This project aims to build a data warehousing solution using Apache Hive for data storage and SQL querying, combined with PostgreSQL for relational data storage and analytics. The project utilizes Docker for containerization, allowing for a seamless setup and deployment.
- Store transaction data in Apache Hive.
- Design a dimensional model for the data warehouse.

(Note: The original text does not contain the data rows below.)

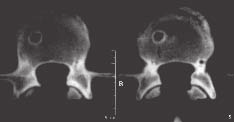 LESÕES DA COLUNA VERTEBRAL NOS ESPORTES Fig. 1 Ressonância magnética de voleibolista de 18 anos com lombalgia. Imagem pesada em T2, corte sagital mediano.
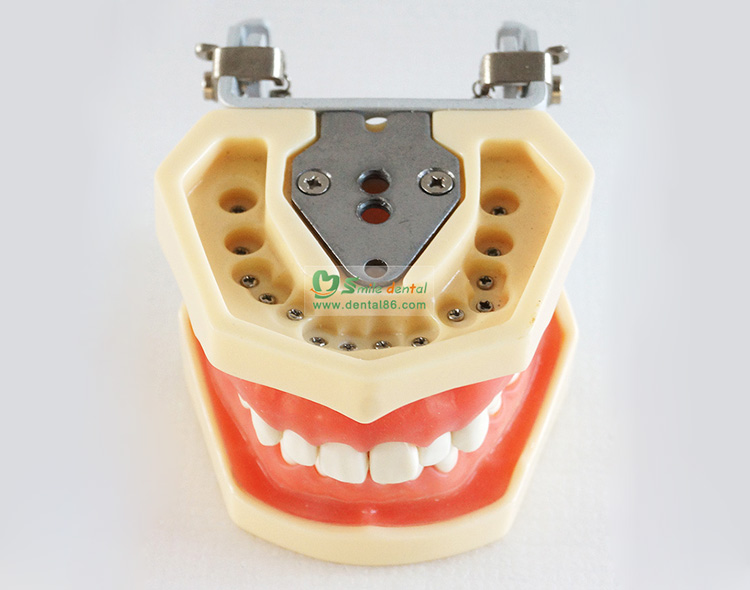 TM-A14 Standard Model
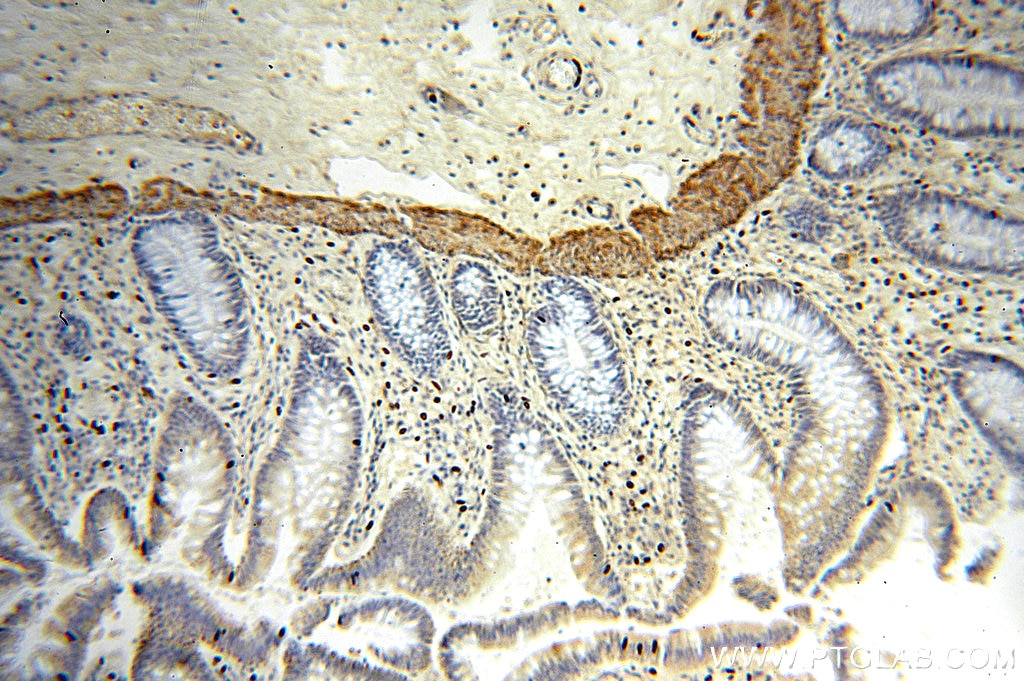 Immunohistochemistry (IHC) staining of human colon tissue using NSDHL Polyclonal antibody (15111-1-AP)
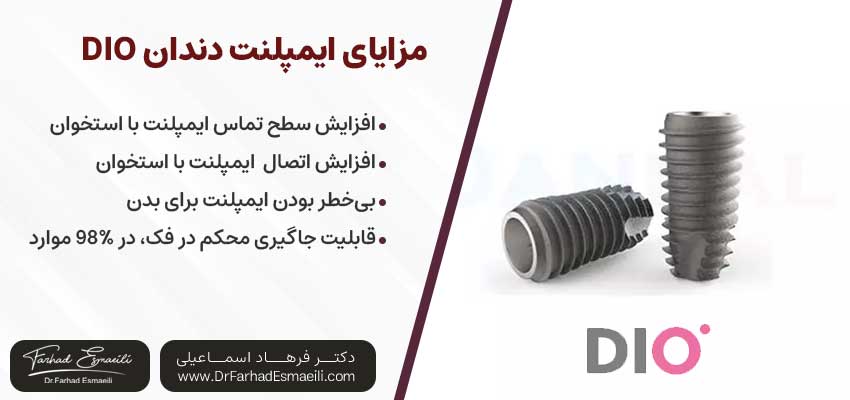 برند DIO یکی از انواع ایمپلنت های کره ای| دکتر فرهاد اسماعیلی متخصص ایمپلنت اصفهان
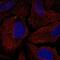 Transmembrane Protein 198 antibody, PA5-65330, Invitrogen Antibodies, Immunofluorescence image 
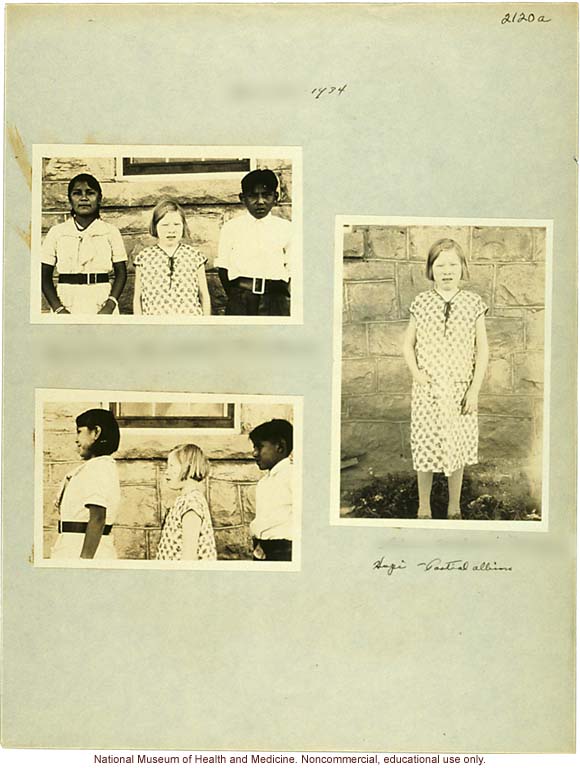 &quote;Growing Series&quote; of partial albino Hopi Female age 10-16, Ganado, Arizona (anthropometry, dental charts, and photographs)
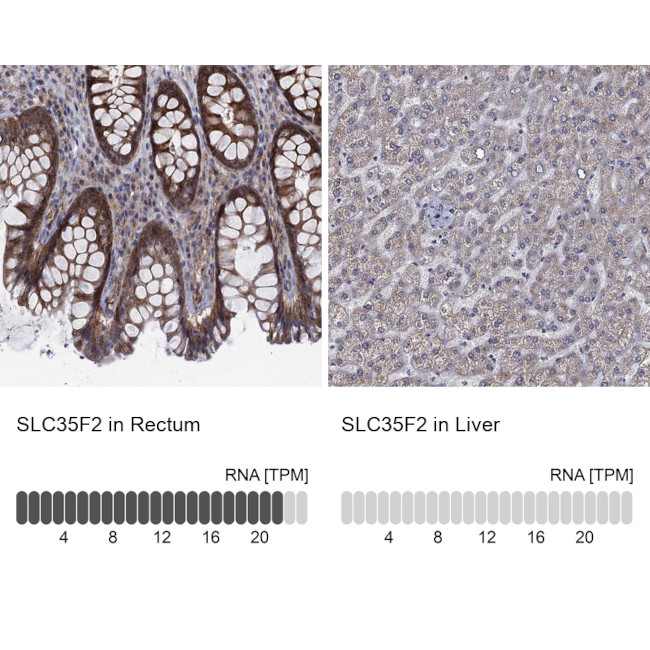 SLC35F2 Antibody in Immunohistochemistry (Paraffin) (IHC (P))
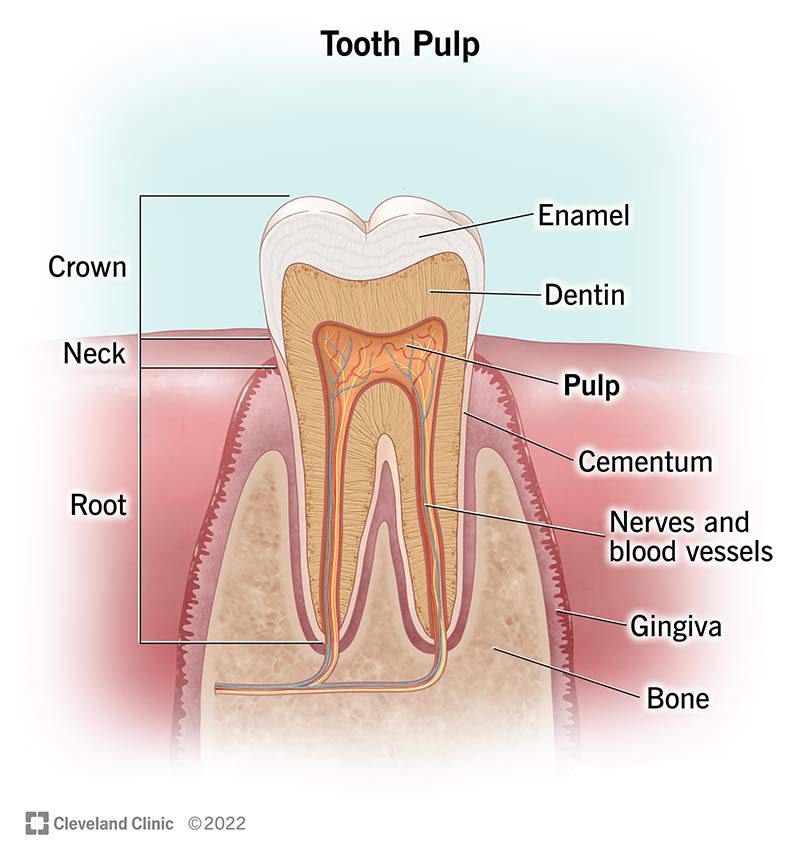 Pulp Exposure Tooth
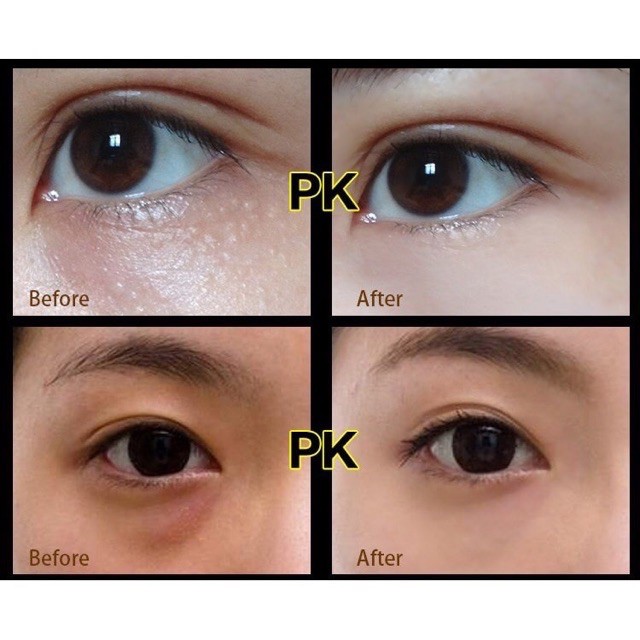 🌈🍓🍭 Kem Dưỡng Giảm Thâm Quầng, Tan Bọng Mắt, Kem Giảm Mụn Thịt Herbal Essence Eye Cream - Y307-D5T3 | BigBuy360 - bigbuy360.vn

- Apply ETL (Extract, Transform, Load) processes to load data into PostgreSQL tables.
- Connect PostgreSQL to Apache Superset for data visualization and analytics.
- Apache Hive: Data warehouse infrastructure built on top of Hadoop for data summarization and analysis.
- PostgreSQL: Relational database management system for structured data storage and queries.
- Apache Superset: Open-source data visualization tool for creating interactive dashboards.
- Docker: Containerization platform for managing application environments.
/data-warehousing-project
│
├── docker-compose.yml
├── etl
│ ├── energy_data.csv
│ ├── etl_.py
├── superset_visualization.png
└── README.md
Here is an example of a visualization created in Apache Superset:
Before you begin, ensure you have the following installed:
Clone this repository to your local machine:
git clone https://github.com/1abdelhalim/DWH-with-Apache-Hive-and-PostgreSQL
cd
DWH-with-Apache-Hive-and-PostgreSQL
Private
Run the following command to start all services defined in the docker-compose.yml
file:
docker-compose up -d
-
Access the PostgreSQL container:
docker exec -it <postgres-container-name> psql -U postgres
-
Create a database and user:
CREATE DATABASE energy_db; CREATE USER energy_user WITH PASSWORD 'energy_password'; GRANT ALL PRIVILEGES ON DATABASE energy_db TO energy_user;
-
Exit PostgreSQL:
\q
-
Access the Hive container:
docker exec -it <hive-container-name> bash
-
Start the Hive CLI:
hive
-
Create a Hive database and tables:
CREATE DATABASE energy_db; USE energy_db; CREATE TABLE Dim_Country ( country_id INT, country_name STRING ); CREATE TABLE Dim_category ( category STRING ); CREATE TABLE Dim_Year ( year_id INT, year INT ); CREATE TABLE Fact_Transactions ( transaction_id INT, quantity DOUBLE, unit STRING );
-
Exit Hive:
exit;
Ensure the etl.py
uses the correct PostgreSQL user and database credentials:
postgres_engine = create_engine('postgresql://energy_user:energy_password@localhost:5432/energy_db')
Run the ETL script to extract data from the CSV file and load it into PostgreSQL and Hive:
python etl/etl.py
- Open your web browser and navigate to
http://localhost:8088
. - Create an admin account if prompted and log in.
- Connect to PostgreSQL and Hive databases under Data > Databases.
- Go to Charts to create new visualizations using your data.
- Use the Dashboards feature to compile your charts into an interactive dashboard.